+++ Provided information +++

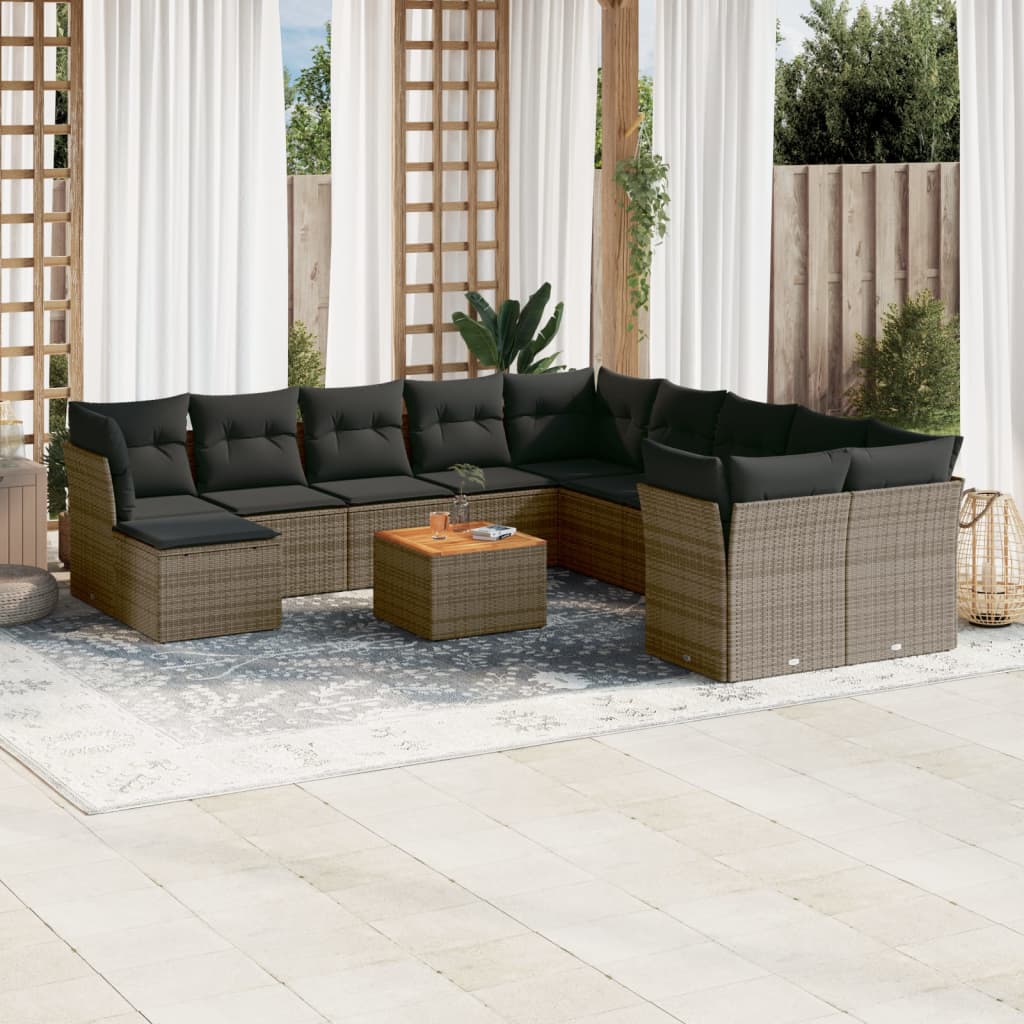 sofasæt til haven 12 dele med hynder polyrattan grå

+++
+++ Provided information +++

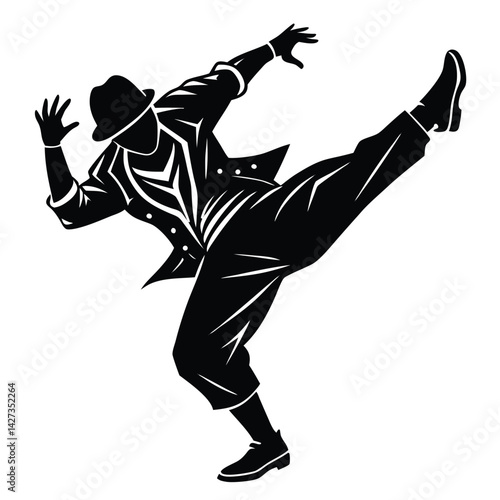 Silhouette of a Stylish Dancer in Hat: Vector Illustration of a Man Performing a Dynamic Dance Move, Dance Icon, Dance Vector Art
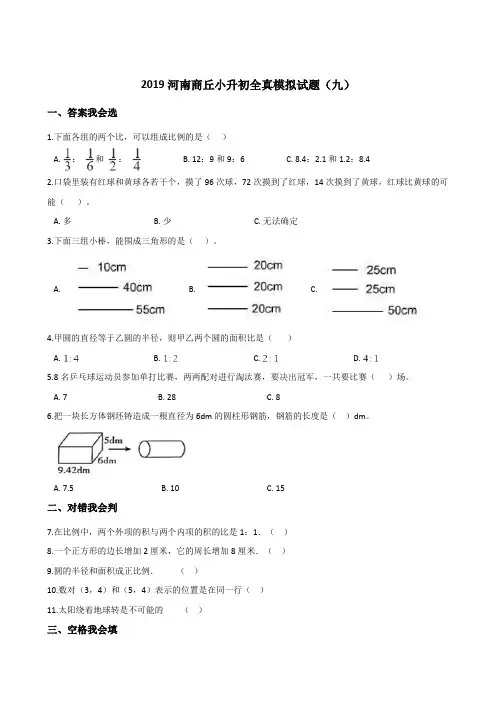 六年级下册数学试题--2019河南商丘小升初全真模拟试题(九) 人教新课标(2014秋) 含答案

+++
+++ Provided information +++

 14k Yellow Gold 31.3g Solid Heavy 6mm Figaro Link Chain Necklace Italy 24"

+++

■ What you need to do:
Although pictures appear among the records above, none are to be output; print exactly the lines from the line containing "Silhouette of a" through the line containing "六年级下册数学试题--2019河南商丘小升初全真模拟试题(九) 人教新课标(2014秋) 含答案".

■ Task solution:
 Silhouette of a Stylish Dancer in Hat: Vector Illustration of a Man Performing a Dynamic Dance Move, Dance Icon, Dance Vector Art
 六年级下册数学试题--2019河南商丘小升初全真模拟试题(九) 人教新课标(2014秋) 含答案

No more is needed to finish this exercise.